Sertçelik’le “mevcut hukuki koşullara aykırı biçimde” telefon görüşmesi yaptığı öne sürülen Demircan/soruyu şöyle yanıtladı:
“Ses kayıtlarının alınması yönünde herhangi bir kimsenin talimatı olmamıştır. Tedbir amaçlı bu kayıtları aldım. Almış olduğum ses kayıtlarını idari tahkikata konu için sadece kendi lehime delil olsun diye ibraz ettim. İdari tahkikattan önce ve tahkikat sonrasında bu ses kayıtlarını hiç kimseyle paylaşmadım.”
Şimdi; polis müdürünün böylesi önemli bir soruşturmadaki mesleki davranışına ne demeli?

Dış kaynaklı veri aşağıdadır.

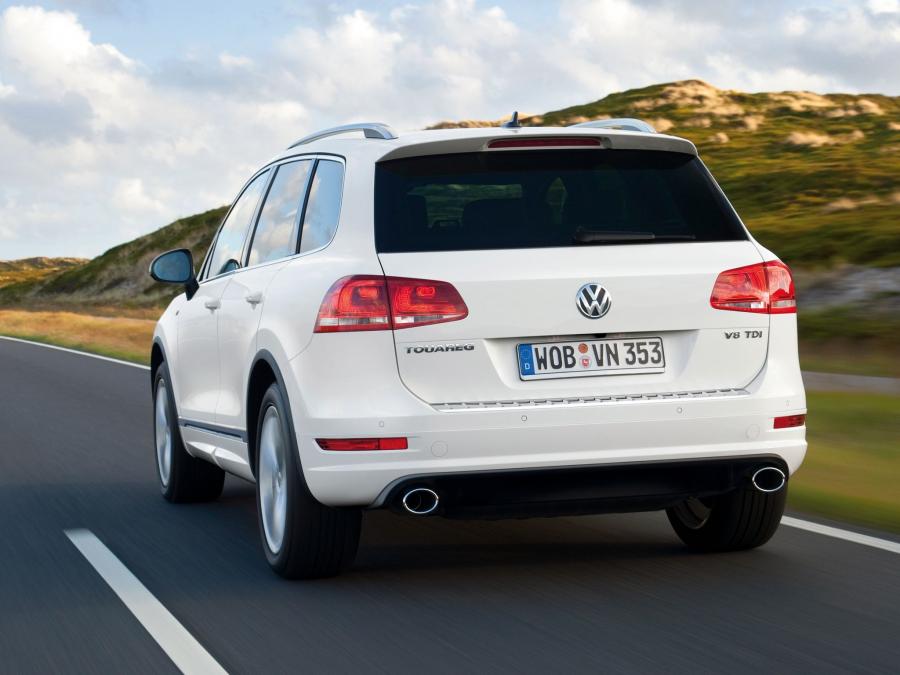  Volkswagen Touareg V8 TDi R-Line 2011 года  (фото 3 из 7)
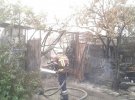 В столице загорелся дом и прилегающая к нему СТО. Огнем охвачено 400 кв м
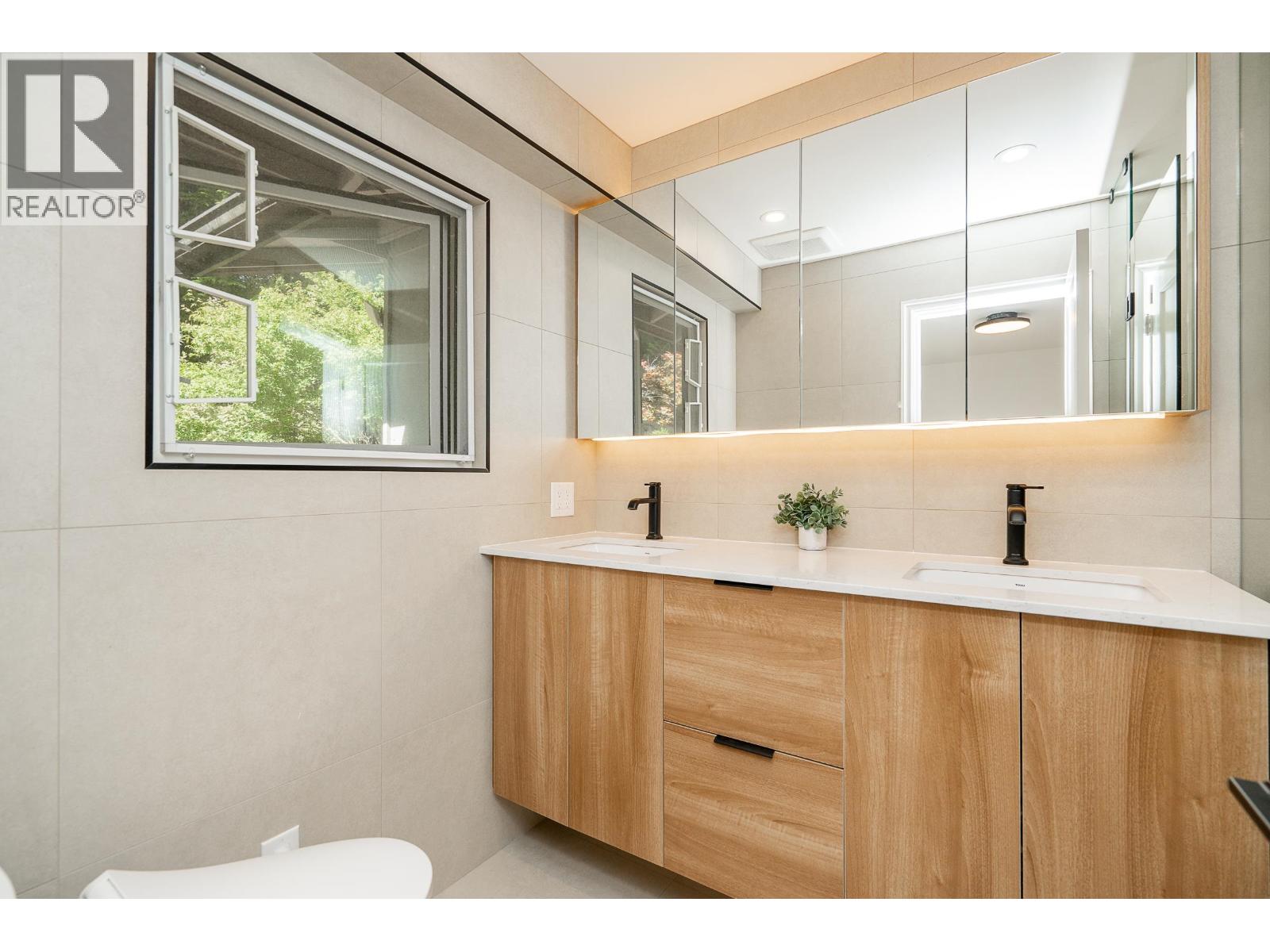 137 College Park Way, Port Moody, British Columbia  V3H 1S5 - Photo 15 - R3143995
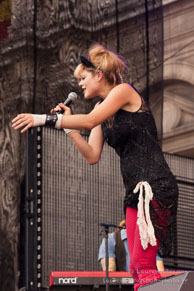 Nadhéa / Festival Fnac Live 2011 - 21/07/11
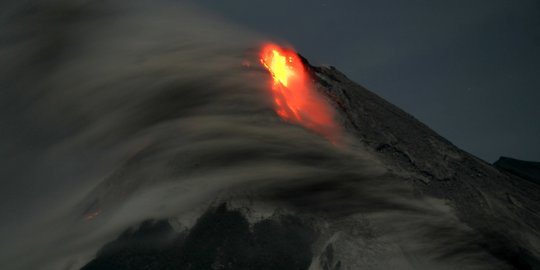 Gunung Merapi Luncurkan Lava Pijar Hingga 1,8 Kilometer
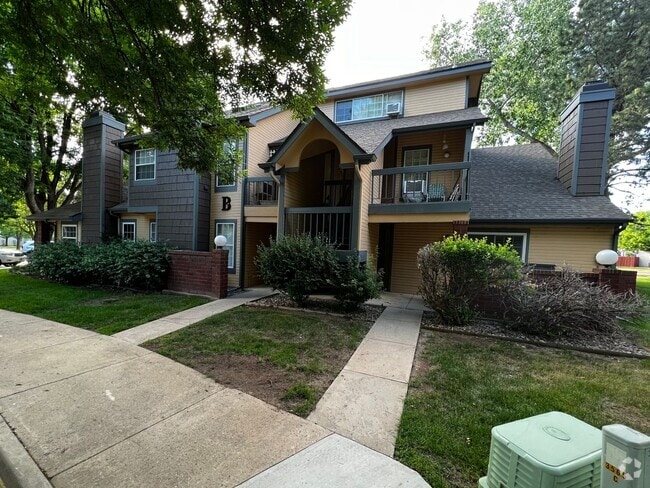 Building Photo - Great 1 Bedroom 1 Bath Condo in Fort Collins Unit B-2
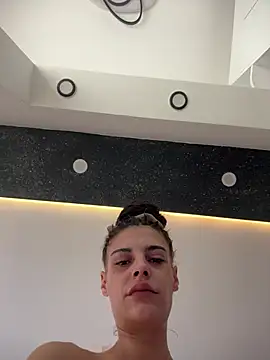 Snapshot of dear2002 chatting on February 12, 2026, 5:18 am dear2002 online show from February 12, 2026, 5:18 am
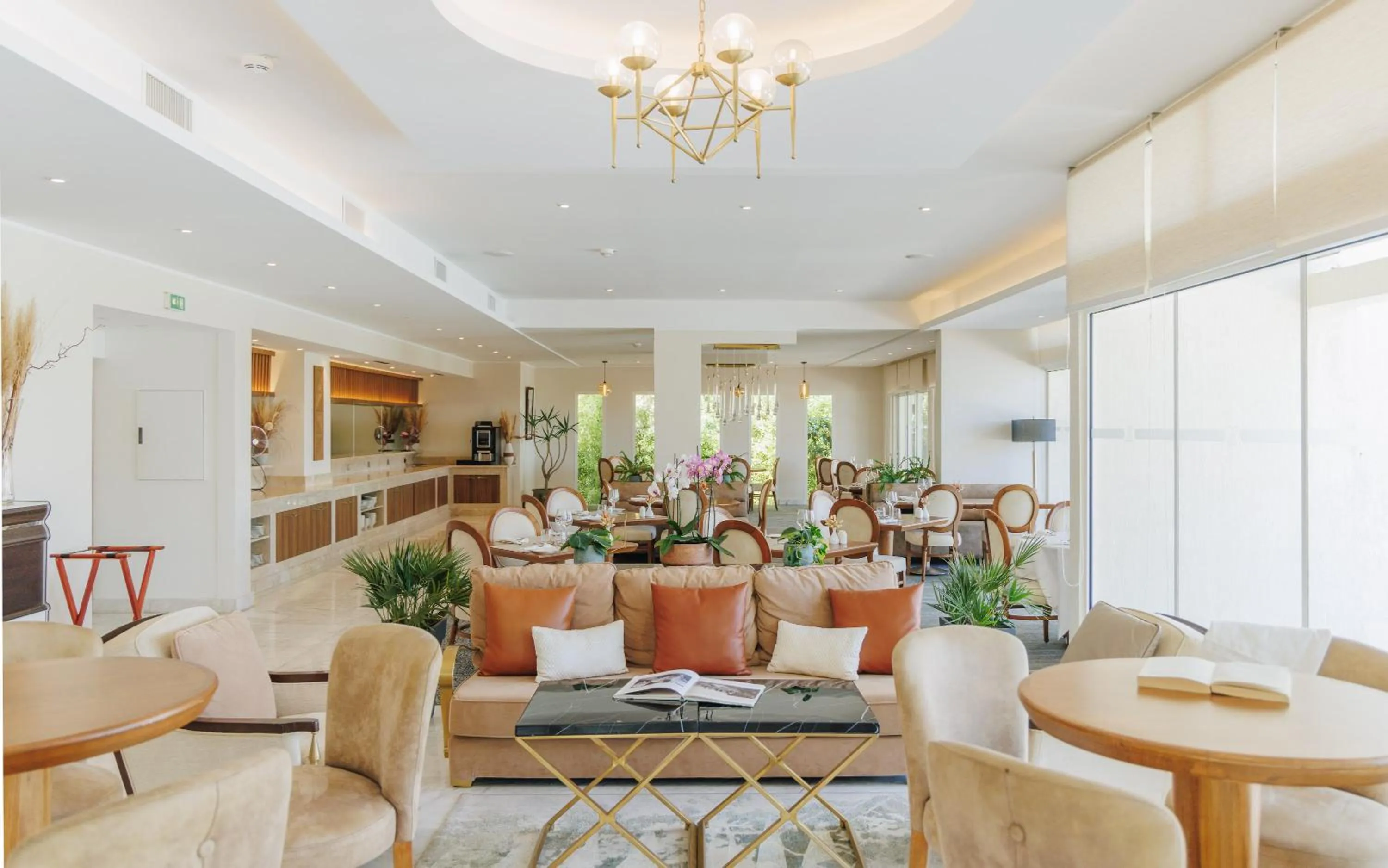 Restaurant/places to eat in Hotel Corsica & Spa Serena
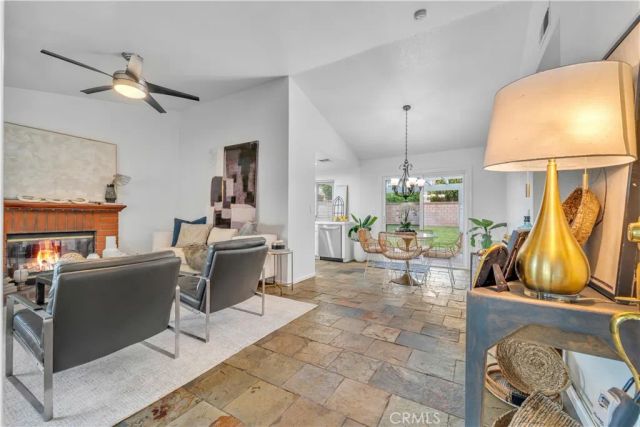 2827 W Milling, Lancaster, CA 93536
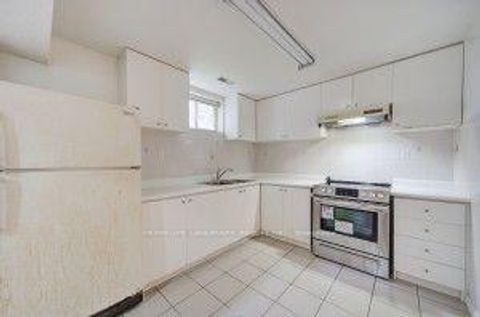 Photo 29 at 182 Finch Avenue E, Newtonbrook East, Toronto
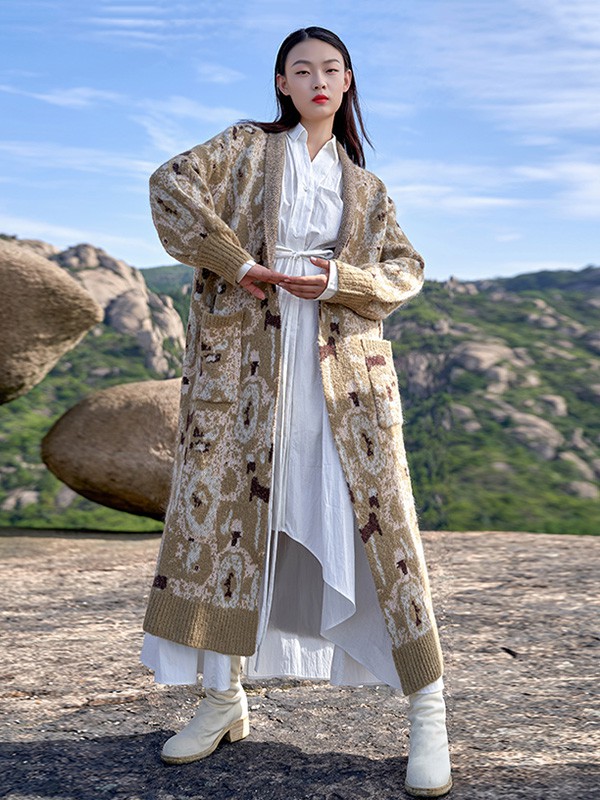 界内界外2020秋冬季绿色长款外套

“Tedbir amaçlı aldım” cümlesinin mesleki pratikteki karşılığı, “kendimi kurtarmak için aldım” demek en basit haliyle.
Müfettişlerin bu tespiti de önemli kuşkusuz.
Üçüncü kişilerin telefonları kullanıldı!
Bu konu başlığına devam ediyorum.
Disiplin soruşturması yürüten müfettişler, Şube Müdür Yardımcısı Şevket Demircan’ın dosya firarisi Serdar Sertçelik’le irtibat kurduğu telefon görüşmelerinin 3. kişilere ait telefonlar kullanılarak gerçekleştiği bilgisine ulaştı.
Resmi arama kayıtlarına yansımaması için Demircan’ın başkalarına ait telefonları kullandığını söylemek yanlış olmaz.
Müfettişlerin ulaştığı önemli bir bilgi daha var.
Demircan’ın Sertçelik’le 15 Nisan’da yaptığı bir telefon görüşmesi sırasında aynı zamanda Şube Müdür Vekili olarak görev yaptığı ortaya çıktı.
Kayıtlara göre 7 dakika 34 saniye süren telefon görüşmesi sırasında Şube Müdürü Kerem Öner’in resmi bir görev nedeniyle Ankara dışında olduğu ve yerine Demircan’ın vekalet ettiği anlaşıldı.
Müfettişlerin edindiği diğer bir bilgi, Sertçelik’e elektronik kelepçe takılması konusu.
Bilindiği üzere, yargılamaya konu olan iddianamede, Sertçelik’in, elektronik kelepçe takılı olmasına rağmen farklı tarihlerde adli kontrol tedbirlerini ihlal ettiği belirtildi.
Türkiye’den yasa dışı yollarla kaçtığı dönemde Sertçelik’e yönelik elektronik kelepçe takılması uygulaması devam ediyordu.
Emniyete verilmeyen kelepçe bilgisi
Sertçelik’in söz konusu uygulamanın devam ettiği süreçte gerçekleştirdiği ihlal hakkında Elektronik İzleme Merkezi’nce ihlal ya da ihlallerin “kaçma şüphesi” barındırması halinde, kelepçe takılı olan kişinin bulunduğu bölgedeki kolluk birimlerine bilgi verilerek, kişinin yakalama işleminin sağlanması, hatta Cumhuriyet Savcılığı’nca verilecek talimatla gözaltına alınması gerekiyor. Mevcut yasalara göre uygulama böyle.
Buna karşın, Sertçelik’le ilgili söz konusu süreçte, sorumlu birimlerin Ankara Emniyeti Organize Suçlarla Mücadele Şubesi’ne bilgi vermediği görüldü.
Süreç şimdilik bu aşamada devam ediyor. Müfettişler, çalışmalarını tamamlamak üzere. Hazırladıkları raporu İçişleri Bakanlığı’na teslim ettikten sonra idari ceza süreci başlayacak doğal olarak.
Sürecin sonuçları yakında kamuoyuna yansıyacak.